Code Monkey home page Code Monkey logo

A Quick, Who am I?

I’m an experienced data scientist with almost a decade of employment sucessfully applying scientific methods, to different disciplines, between in industry and academia. I hold three advanced degrees, two in Geophysics (Ph.D., and BSc.), and one in Risk and Uncertainty Management (MRes.) awarded by the University of Liverpool (Liverpool, UK). I typically use Python as my language of choice, given its wide support and integration withing the machine learning community, but I also frequently use shell (Bash/ZSH/Powershell), SQL, HTML/CSS, Rust, and have some experience with JavaScript, Ruby, C++, C#, Perl, Fortran, and MATLAB.

More About me

My passion for data science stems from my curiosity about the natural phenomena that shape our planet and the data that can help us comprehend them better. That’s why I obtained a Ph.D. in geophysics, where I investigated seismic waves and their interactions with the Earth’s structure. I utilized Python and MATLAB to process and examine large datasets of seismic recordings (digital time series) from around the world. As a researcher, I authored three peer-reviewed publications in reputable journals.

After completing my degree, I joined a leading seismological observatory as a researcher (University of Utah Seismograph Stations), where I continued to work on seismic data analysis and earthquake magnitude modeling. I cooperated with other scientists from the USGS, AFRL, LLNL, and other institutions to enhance our understanding of earthquake hazards and risks.

I then decided to switch gears and explore other domains where data science can make an impact. I joined Bayer crop sciences as a data scientist, where I worked on models that forecast corn seed yield given historic growth and other agronomic factors. I used Python, SQL, and Domino to manipulate and explore large datasets of crop measurements, weather data, soil data, and satellite imagery. I constructed the predictive models using scikit-learn.

My most recent position was working as a Data Scientist at Coyote Logistics, which is a 3PL service provider where I work on sophisticated predictive models that estimate potential distributions of market cost for a given load of freight. I use Python, SQL (and noSQL), and Databricks to ingest and transform data from various sources such as carriers, shippers, brokers, and third-party APIs.

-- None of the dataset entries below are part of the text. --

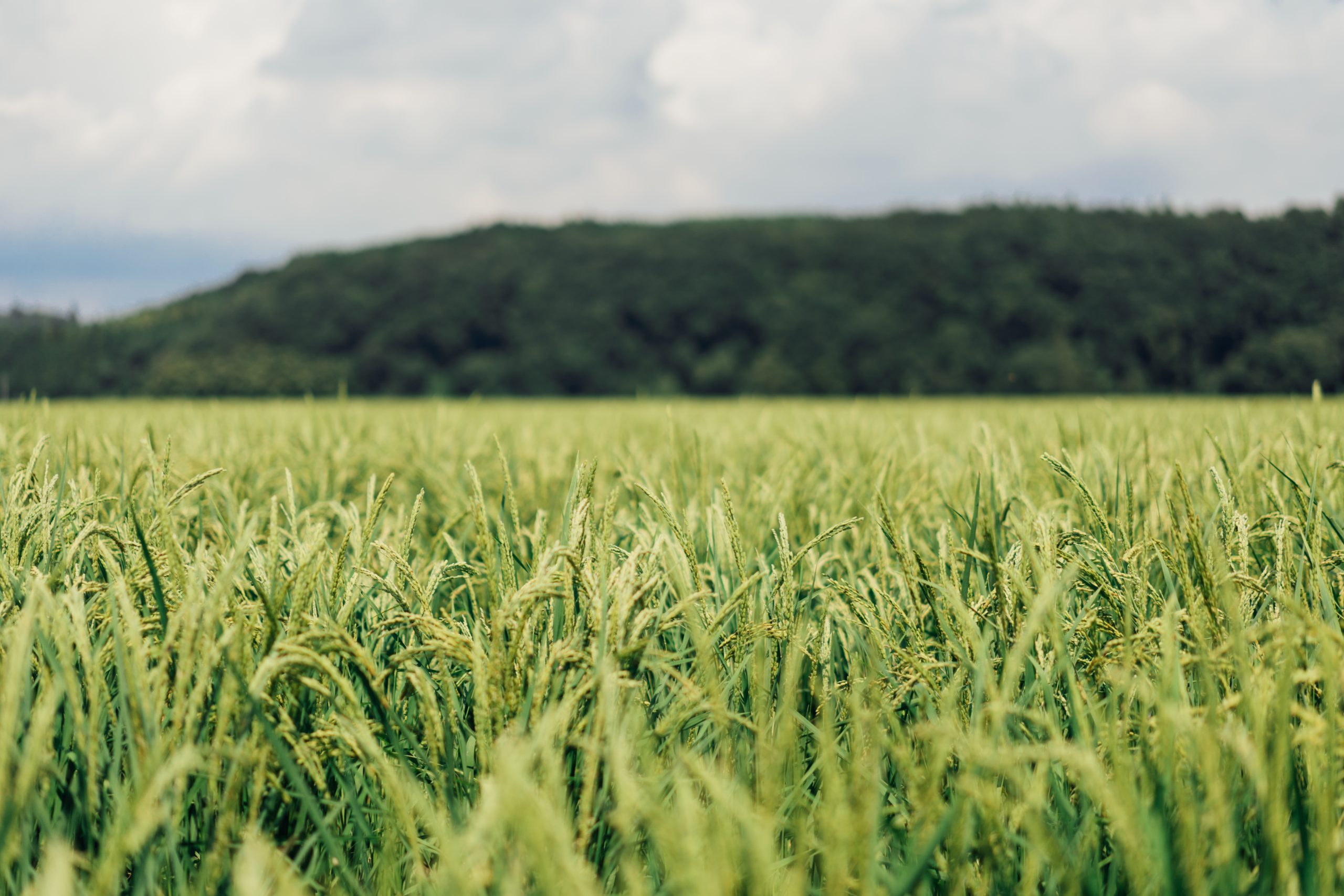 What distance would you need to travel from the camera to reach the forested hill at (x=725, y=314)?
40719 mm

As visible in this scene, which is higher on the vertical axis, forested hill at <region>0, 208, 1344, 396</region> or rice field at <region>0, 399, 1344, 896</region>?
forested hill at <region>0, 208, 1344, 396</region>

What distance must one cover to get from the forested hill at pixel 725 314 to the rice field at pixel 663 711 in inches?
1543

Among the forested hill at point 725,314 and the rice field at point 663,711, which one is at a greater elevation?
the forested hill at point 725,314

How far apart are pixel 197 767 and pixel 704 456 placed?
1846 millimetres

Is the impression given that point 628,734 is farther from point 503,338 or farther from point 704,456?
point 503,338

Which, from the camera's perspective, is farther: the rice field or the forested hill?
the forested hill

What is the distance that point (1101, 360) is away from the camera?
4244cm

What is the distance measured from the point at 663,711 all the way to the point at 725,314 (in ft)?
161

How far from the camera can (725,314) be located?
49125 millimetres

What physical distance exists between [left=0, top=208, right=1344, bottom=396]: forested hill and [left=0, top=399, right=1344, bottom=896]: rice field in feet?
129

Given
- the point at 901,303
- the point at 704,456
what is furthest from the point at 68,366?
the point at 901,303

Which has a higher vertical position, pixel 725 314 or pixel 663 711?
pixel 725 314

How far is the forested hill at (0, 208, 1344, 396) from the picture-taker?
4072 centimetres

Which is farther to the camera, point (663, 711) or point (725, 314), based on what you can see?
point (725, 314) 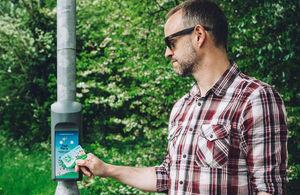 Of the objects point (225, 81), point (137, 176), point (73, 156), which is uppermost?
point (225, 81)

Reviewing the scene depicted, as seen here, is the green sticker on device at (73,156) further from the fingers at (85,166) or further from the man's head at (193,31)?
the man's head at (193,31)

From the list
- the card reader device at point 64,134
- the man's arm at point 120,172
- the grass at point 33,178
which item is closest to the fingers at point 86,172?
the man's arm at point 120,172

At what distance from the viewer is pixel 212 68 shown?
1.76m

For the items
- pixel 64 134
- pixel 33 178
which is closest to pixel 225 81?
pixel 64 134

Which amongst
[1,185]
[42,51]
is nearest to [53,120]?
[1,185]

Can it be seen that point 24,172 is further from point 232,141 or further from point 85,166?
point 232,141

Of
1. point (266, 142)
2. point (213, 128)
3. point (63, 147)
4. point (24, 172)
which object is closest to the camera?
point (266, 142)

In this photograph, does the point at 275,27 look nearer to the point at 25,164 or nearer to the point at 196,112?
the point at 196,112

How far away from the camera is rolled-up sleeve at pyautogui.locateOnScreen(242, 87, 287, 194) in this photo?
4.64 feet

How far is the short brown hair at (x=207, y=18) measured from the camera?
69.8 inches

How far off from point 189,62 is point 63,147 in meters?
1.05

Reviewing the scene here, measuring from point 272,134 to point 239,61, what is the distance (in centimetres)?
357

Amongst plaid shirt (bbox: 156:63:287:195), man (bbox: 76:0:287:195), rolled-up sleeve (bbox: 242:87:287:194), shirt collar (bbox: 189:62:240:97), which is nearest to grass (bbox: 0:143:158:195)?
man (bbox: 76:0:287:195)

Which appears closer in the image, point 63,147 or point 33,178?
point 63,147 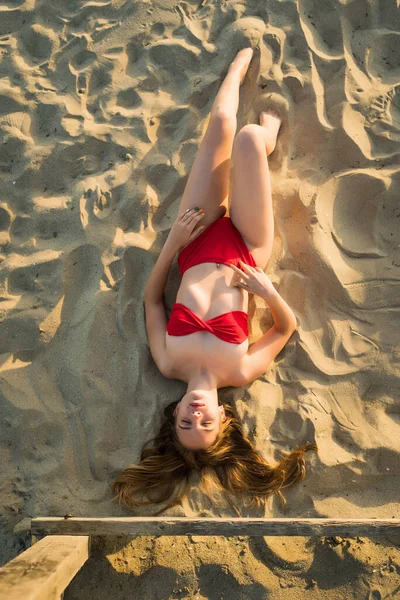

I also use LightGBM, scikit-learn, and PyTorch to build and fit models that capture the uncertainty and variability of the freight market.

Data Science Projects

Here are some of the projects I've worked on or I'm currently working on:

  • Freight Market Cost Distribution: I was the team lead of the spot pricing team, which developed a cutting-edge machine learning system that used a custom Boosted Gradiant Random Forest algorithm, and LightGBM / H2O.ai Gradient Boosting models, integrated through a live API model service. The model API produced a predicted distribution, that showed the most probable range of costs to transport different types of freight equipment and cargo, to and from distribution centers across the USA, Canada, and Mexico. This model helped us generate millions of dollars of extra revenue, as it enabled faster and more intelligent buying and brokering negotiations at scale.

  • Corn Yield Prediction: Created new and improved existing random forest models to predict corn seed yield across the world, leveraging multi-year spanning historic yields, and agronomic features (e.g., weather conditions, soil conditions, field clusters defined using remote sensing data, etc.).

  • Earthquake Magnitude Estimation: Created physics-informed empirical models of amplitude decay over distance via non-parametric inversions, pre-conditioned using events with known earthquake magnitudes. This method was applied for both Local (Richter), and Moment Magnitudes estimations, with the latter focusing on small magnitude estimation, which is difficult to obtain via conventional physical modeling. This work resulted in two peer-reviewed publications which were published in the Bulletin of the Seismological Society of America, and Seismological Research Letters.

Personal Projects

Skills

Here are some of the skills I've learned or improved during my data science journey:

  • Programming Languages: Python (advanced), SQL (intermediate), Matlab (intermediate)
  • Data Analysis Tools: Pandas (advanced), NumPy (advanced), SciPy (advanced), PySpark (intermediate), Polars (intermediate)
  • Data Visualization Tools: Matplotlib (advanced), Seaborn (advanced), Plotly (advanced), Streamlit (intermediate)
  • Machine Learning Tools: scikit-learn (advanced), statsmodels (intermediate), PyTorch (basic)
  • Cloud Computing Platforms: Azure (advanced), AWS (beginner)
  • Data Engineering Tools: Databricks (Airflow (beginner), Docker (beginner), Kubernetes (beginner)
  • Version Control Systems: Git, GitHub, Azure DevOps

Contact

LinkedIn

James Holt's Projects

data-science-interview-resources icon data-science-interview-resources

A repository listing out the potential sources which will help you in preparing for a Data Science/Machine Learning interview. New resources added frequently.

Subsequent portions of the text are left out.